2.6.24-git4+ regression

Previous thread: [PATCH][drivers/net/fec_mpc52xx.c] duplicate NETIF_MSG_IFDOWN in MPC52xx_MESSAGES_DEFAULT by Roel Kluin on Wednesday, January 30, 2008 - 7:18 am. (1 message)

Next thread: [PATCH][drivers/pcmcia/ti113x.h] ENE_TEST_C9_PFENABLE duplicate *_F0 by Roel Kluin on Wednesday, January 30, 2008 - 7:28 am. (1 message)
From: Lukas Hejtmanek
Date: Wednesday, January 30, 2008 - 6:56 am

Hello,

I noticed short thread in LKM regarding "sched: add vslice" causes horrible
interactivity under load.

I can see similar behavior. If I stress both CPU cores, even typing on
keyboard suffers from huge latencies, I can see letters appearing with delay
(typing into xterm). No swap is used at all, having 1GB free RAM.

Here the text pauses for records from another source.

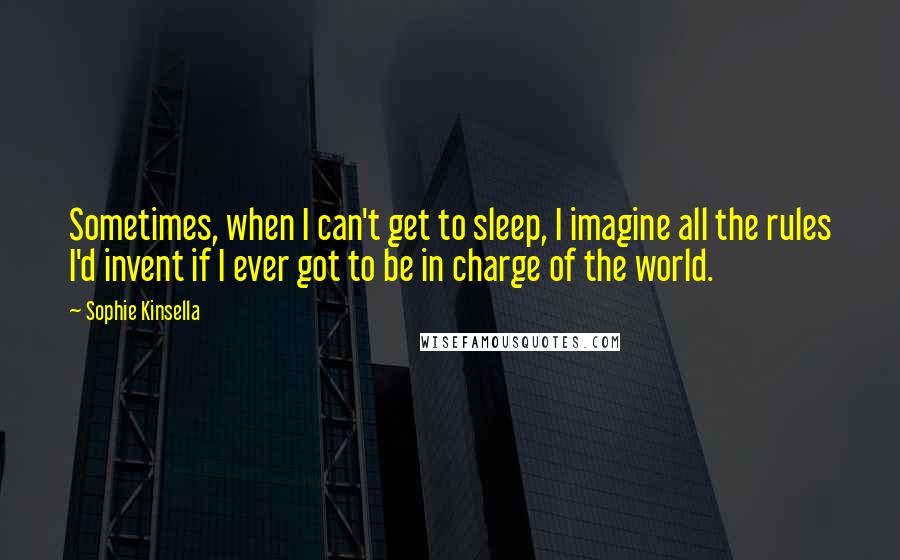 Sophie Kinsella Quotes: Sometimes, when I can't get to sleep, I imagine all the rules I'd invent if I ever got to be in charge of the world.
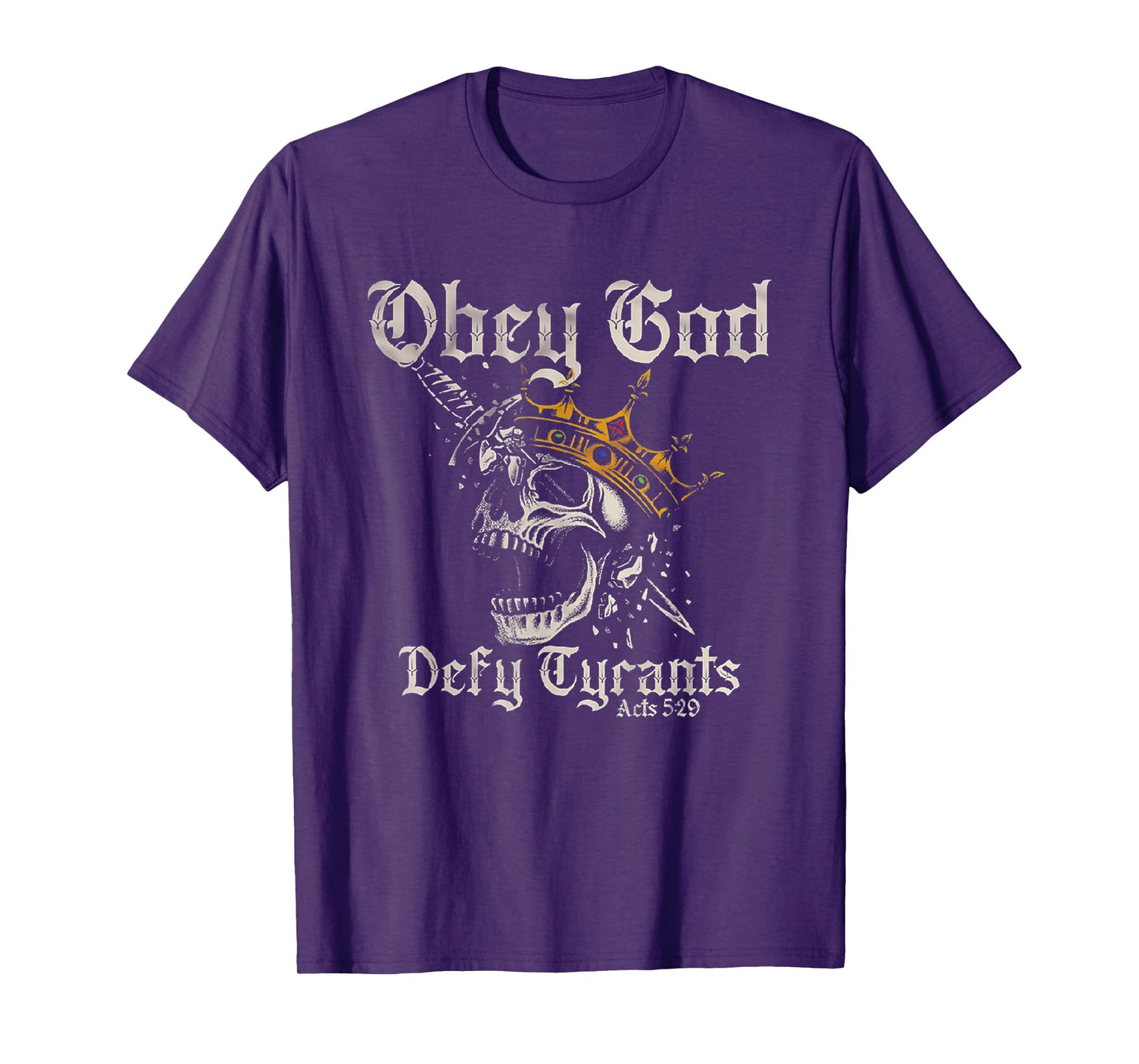 Obey God Defy Tyrants Skull T-Shirt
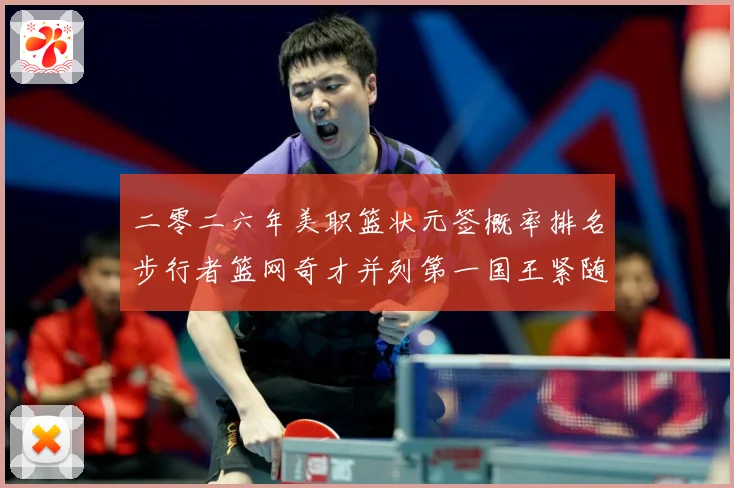 二零二六年美职篮状元签概率排名步行者篮网奇才并列第一国王紧随赛场复盘：最新赛事动态与深度分析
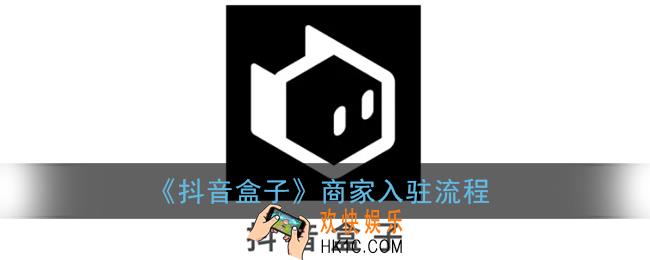 抖音盒子怎么入驻_抖音盒子商家入驻流程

I noticed this bad behavior with 2.6.24-git[46], 2.6.24-rc8-git was OK.

My config is attached.

-- 
Luk
From: Ingo Molnar
Date: Thursday, January 31, 2008 - 3:29 am

if you apply the current sched-fixes (rollup patch below), does it get 
any better?

	Ingo

Index: linux/kernel/sched_fair.c
===================================================================
--- linux.orig/kernel/sched_fair.c
+++ linux/kernel/sched_fair.c
@@ -520,7 +520,7 @@ place_entity(struct cfs_rq *cfs_rq, stru
 
 	if (!initial) {
 		/* sleeps upto a single latency don't count. */
-		if (sched_feat(NEW_FAIR_SLEEPERS) && entity_is_task(se))
+		if (sched_feat(NEW_FAIR_SLEEPERS))
 			vruntime -= sysctl_sched_latency;
 
 		/* ensure we never gain time by being placed backwards. */
@@ -1106,7 +1106,11 @@ static void check_preempt_wakeup(struct 
 	}
 
 	gran = sysctl_sched_wakeup_granularity;
-	if (unlikely(se->load.weight != NICE_0_LOAD))
+	/*
+	 * More easily preempt - nice tasks, while not making
+	 * it harder for + nice tasks.
+	 */
+	if (unlikely(se->load.weight > NICE_0_LOAD))
 		gran = calc_delta_fair(gran, &se->load);
 
 	if (pse->vruntime + gran < se->vruntime)
--

From: Lukas Hejtmanek
Date: Thursday, January 31, 2008 - 3:55 am

No. 

Another observation, running two instances of while true; do true; done (on
1 dual core cpu) does not break interactivity.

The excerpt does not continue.